Transfer Act of 1905
- Long title: An Act providing for the transfer of forest reserves from the Department of the Interior to the Department of Agriculture.
- Nicknames: Forest Transfer Act of 1905
- Enacted by: the 58th United States Congress
- Effective: February 1, 1905

Citations
- Public law: Pub. L. 58–34
- Statutes at Large: 33 Stat. 628

Codification
- Titles amended: 16 U.S.C.: Conservation
- U.S.C. sections amended: 16 U.S.C. ch. 2, subch. I §§ 472, 476, 478, 495; 16 U.S.C. ch. 3, subch. I §§ 524, 551, 554, 554a; 16 U.S.C. ch. 4 § 615b;

Legislative history
- Introduced in the House as H.R. 8460; Signed into law by President Theodore Roosevelt on February 1, 1905;

= Transfer Act of 1905 =

U.S. law on forest reserves jurisdiction

The Transfer Act of 1905 (33 Stat. 628) transferred the forest reserves of the United States from the Department of the Interior, United States General Land Office to the Department of Agriculture, Bureau of Forestry.

==General information==
On February 1, 1905, under the leadership of Gifford Pinchot, the National Forest Reserves were transferred from the Department of Interior to the Department of Agriculture.
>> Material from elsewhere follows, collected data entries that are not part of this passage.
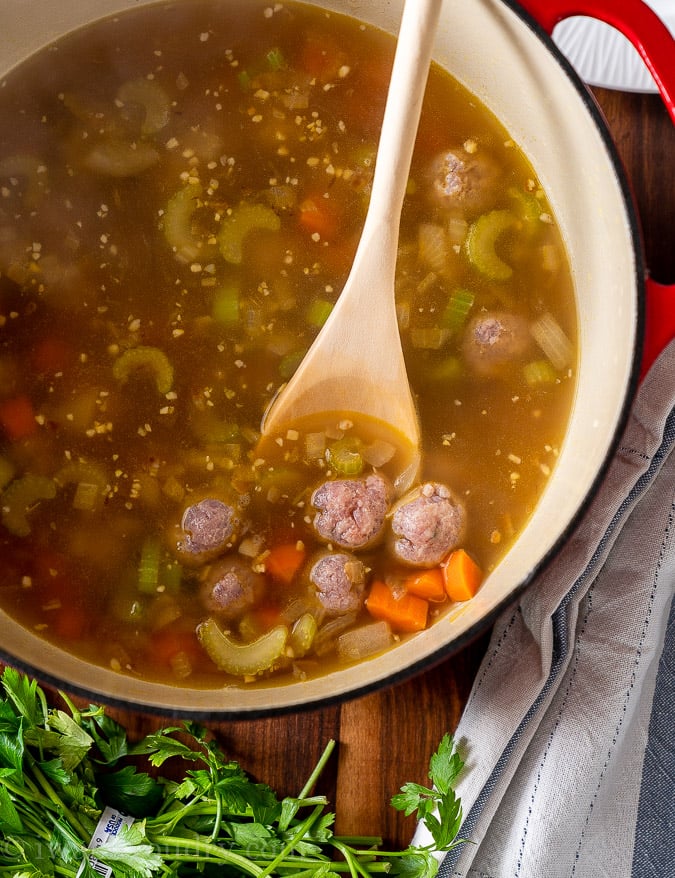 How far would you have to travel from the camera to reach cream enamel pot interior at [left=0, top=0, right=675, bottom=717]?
1.86 meters

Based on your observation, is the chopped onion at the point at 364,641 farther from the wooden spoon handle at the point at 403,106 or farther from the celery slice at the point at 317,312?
the wooden spoon handle at the point at 403,106

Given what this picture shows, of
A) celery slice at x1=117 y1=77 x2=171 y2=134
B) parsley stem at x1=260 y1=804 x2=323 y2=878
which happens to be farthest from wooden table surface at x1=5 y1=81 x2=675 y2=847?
celery slice at x1=117 y1=77 x2=171 y2=134

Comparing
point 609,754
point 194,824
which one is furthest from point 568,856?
point 194,824

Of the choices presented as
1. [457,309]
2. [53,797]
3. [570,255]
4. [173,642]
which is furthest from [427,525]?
[53,797]

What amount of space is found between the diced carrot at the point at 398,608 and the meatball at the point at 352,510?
0.39ft

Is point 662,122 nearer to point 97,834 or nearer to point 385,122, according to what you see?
point 385,122

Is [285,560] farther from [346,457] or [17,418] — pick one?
[17,418]

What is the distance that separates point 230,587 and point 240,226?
85 cm

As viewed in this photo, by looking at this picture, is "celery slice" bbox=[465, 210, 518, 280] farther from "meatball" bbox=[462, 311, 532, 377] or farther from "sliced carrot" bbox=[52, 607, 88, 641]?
"sliced carrot" bbox=[52, 607, 88, 641]

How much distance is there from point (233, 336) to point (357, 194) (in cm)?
46

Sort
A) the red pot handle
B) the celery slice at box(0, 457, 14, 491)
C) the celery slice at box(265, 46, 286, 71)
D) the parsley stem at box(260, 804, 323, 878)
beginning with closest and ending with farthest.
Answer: the red pot handle, the parsley stem at box(260, 804, 323, 878), the celery slice at box(0, 457, 14, 491), the celery slice at box(265, 46, 286, 71)

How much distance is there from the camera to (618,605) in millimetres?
2205

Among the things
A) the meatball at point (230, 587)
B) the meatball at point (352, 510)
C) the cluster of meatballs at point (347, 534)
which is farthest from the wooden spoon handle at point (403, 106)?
the meatball at point (230, 587)

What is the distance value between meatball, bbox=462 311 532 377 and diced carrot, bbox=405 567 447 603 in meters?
0.49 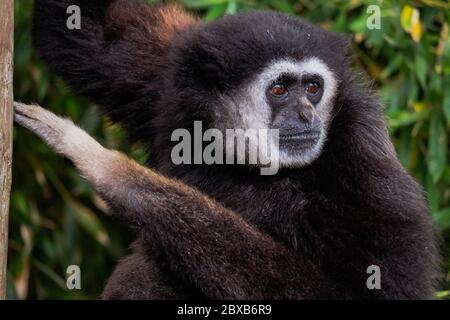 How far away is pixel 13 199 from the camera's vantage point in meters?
11.0

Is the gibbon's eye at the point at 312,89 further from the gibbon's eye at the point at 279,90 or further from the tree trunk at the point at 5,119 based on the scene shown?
the tree trunk at the point at 5,119

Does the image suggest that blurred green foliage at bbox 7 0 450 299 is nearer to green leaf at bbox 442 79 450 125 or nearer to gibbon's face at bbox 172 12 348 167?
green leaf at bbox 442 79 450 125

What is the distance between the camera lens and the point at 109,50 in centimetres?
780

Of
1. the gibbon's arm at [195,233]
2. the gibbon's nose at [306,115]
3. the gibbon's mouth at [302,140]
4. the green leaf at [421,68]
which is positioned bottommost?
the gibbon's arm at [195,233]

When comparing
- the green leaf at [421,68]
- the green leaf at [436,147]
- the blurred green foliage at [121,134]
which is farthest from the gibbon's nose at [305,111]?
the green leaf at [436,147]

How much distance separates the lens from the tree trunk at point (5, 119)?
592 centimetres

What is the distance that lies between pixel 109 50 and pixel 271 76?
1.60 metres

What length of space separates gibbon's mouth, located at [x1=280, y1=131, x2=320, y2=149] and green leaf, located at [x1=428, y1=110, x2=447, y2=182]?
3.14 metres

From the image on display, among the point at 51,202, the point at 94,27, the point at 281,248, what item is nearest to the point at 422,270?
the point at 281,248

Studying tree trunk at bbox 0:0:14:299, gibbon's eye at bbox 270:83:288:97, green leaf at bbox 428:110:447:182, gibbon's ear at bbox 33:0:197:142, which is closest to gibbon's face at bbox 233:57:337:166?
gibbon's eye at bbox 270:83:288:97

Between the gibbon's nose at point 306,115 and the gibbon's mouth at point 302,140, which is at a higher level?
the gibbon's nose at point 306,115

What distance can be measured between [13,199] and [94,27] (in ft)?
12.4

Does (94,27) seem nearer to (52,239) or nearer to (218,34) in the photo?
(218,34)

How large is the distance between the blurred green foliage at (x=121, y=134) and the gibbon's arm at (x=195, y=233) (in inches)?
64.6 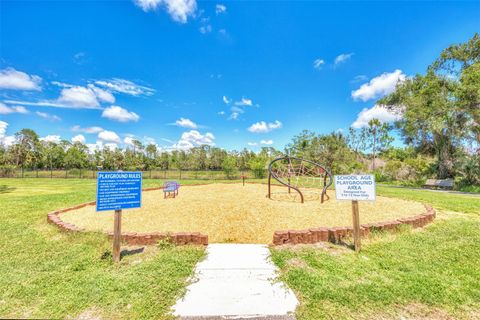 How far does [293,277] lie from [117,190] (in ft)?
9.85

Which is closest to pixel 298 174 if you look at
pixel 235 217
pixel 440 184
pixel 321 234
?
pixel 235 217

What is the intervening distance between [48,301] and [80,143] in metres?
60.7

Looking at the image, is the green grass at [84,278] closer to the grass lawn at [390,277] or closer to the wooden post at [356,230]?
the grass lawn at [390,277]

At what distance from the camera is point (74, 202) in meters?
7.95

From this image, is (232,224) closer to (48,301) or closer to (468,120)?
(48,301)

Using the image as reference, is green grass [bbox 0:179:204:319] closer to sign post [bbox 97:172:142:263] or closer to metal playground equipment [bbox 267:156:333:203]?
sign post [bbox 97:172:142:263]

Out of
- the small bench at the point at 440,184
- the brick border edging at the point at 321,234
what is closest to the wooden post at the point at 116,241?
the brick border edging at the point at 321,234

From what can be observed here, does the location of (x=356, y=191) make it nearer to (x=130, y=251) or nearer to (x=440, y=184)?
(x=130, y=251)

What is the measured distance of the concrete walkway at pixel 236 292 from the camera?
7.06 feet

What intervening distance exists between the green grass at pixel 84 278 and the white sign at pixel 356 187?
2.87 m

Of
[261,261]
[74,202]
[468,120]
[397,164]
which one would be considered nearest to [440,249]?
[261,261]

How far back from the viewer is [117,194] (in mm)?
3311

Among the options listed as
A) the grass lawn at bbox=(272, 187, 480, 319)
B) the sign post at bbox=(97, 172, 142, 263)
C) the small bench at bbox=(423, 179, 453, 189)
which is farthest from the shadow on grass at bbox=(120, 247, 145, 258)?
the small bench at bbox=(423, 179, 453, 189)

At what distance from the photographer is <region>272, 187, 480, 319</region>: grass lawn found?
2.22 meters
Gifford Pinchot was the head of the Division of Forestry which was part of the Department of Agriculture. This transfer included over 63 million acres (250,000 km^{2}) of forest reserves and over 500 employees. This legislation was the first forestry law to be passed. This act was significant because it caused the National Forest Reserves to shift roles from a recreational role to a more economic role using science-based management. In March 1905, the Division of Forestry was renamed the United States Forest Service.